JAKARTA-Sejumlah anggota DPR asal Daerah Pemilihan (Dapil) Sumatera Utara (Sumut), mendesak Komisi Pemberantasan Korupsi (KPK) untuk mendalami kasus dugaan korupsi Bupati Simalungun JR Saragih atas penyelewengan Dana Alokasi Khusus (DAK) 2011 yang dikerjakan tahun 2012, dugaan korupsi dana Bantuan Sosial (Bansos) dan sejumlah dugaan korupsi lainnya yang mencapai Rp67 miliar.
Anggota DPR dari Dapil Sumut III Nasril Bahar mengatakan, KPK sudah menyatakan sikap untuk 2013 akan menyelesaikan kasus-kasus korupsi tanpa diskiriminasi. Baik itu, kepala daerah, anggota DPR, penegak hukum maupun pemimpin negara, apabila terbukti melakukan tindak pidana korupsi, harus dihukum sesuai dengan tentuan hukum yang berlaku. “Sudah terlalu banyak kasus korupsi yang menjamur didaerah. Untuk itu, saya mendesak KPK agar kasus ini (dugaan korupsi bupati simalungun) jangan terlalu lama dibiarkan oleh KPK,” ujar Nasril Bahar kepada koran ini di Jakarta, kemarin (6/1).
Sebelumnya, pada 13 Desember 2012, LSM Macan Habonaran, anggota DPRD Simalungun, Bernhard Damanik, Anggota KPUD Kabupaten Simalungun, Robert Ambarita, serta sejumlah elemen masyarakat lainnya, mendatangi gedung KPK sekitar pukul 14.30 WIB. Mereka melaporkan dugaan korupsi yang dilakukan Bupati Simalungun, JR.Saragih atas Dana Alokasi Khusus (DAK) 2011 yang dikerjakan tahun 2012, dugaan korupsi dana Bantuan Sosial (Bansos) dan sejumlah dugaan korupsi lainnya yang mencapai Rp67 Miliar.
Menurut politisi Partai Amanat Nasional (PAN) ini, sudah menjadi sikap semua lembaga penegak hukum untuk menghentikan tindak pidana korupsi. Namun, dalam kasus ini, dirinya menunggu sikap dari KPK apakah kasus ini melibatkan oknum-oknum lembaga pemerintahan atau dilakukan oleh Bupati Simalungun JR. Saragih seorang. “Tentunya, praduga tak bersalah diutamakan. KPK pasti bersikap tegas dan cekatan,” kata Nasril Bahar.

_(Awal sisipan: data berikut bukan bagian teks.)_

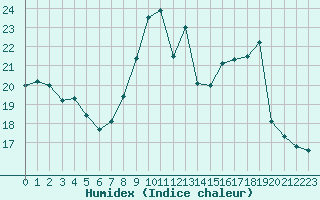 Courbe de l'humidex pour Colmar (68)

Senada dengan Nasril Bahar, anggota komisi III DPR yang membidangi hukum serta berasal dari Dapil Sumut III, Ruhut Sitompul mengatakan, tentunya KPK akan bekerja secara profesional dalam mengungkap kasus ini. Namun, apabila KPK sudah mendapatkan dua alat bukti serta laporan yang disampaikan LSM tersebut benar, maka KPK harus bertindak cepat dalami kasus ini ketahap hukum yang lebih tinggi. “Kalau sudah ada dua alat bukti, KPK baru bisa proses. Tapi kalau pelapor tidak bisa kasih berkas, percuma,” ujar Ruhut.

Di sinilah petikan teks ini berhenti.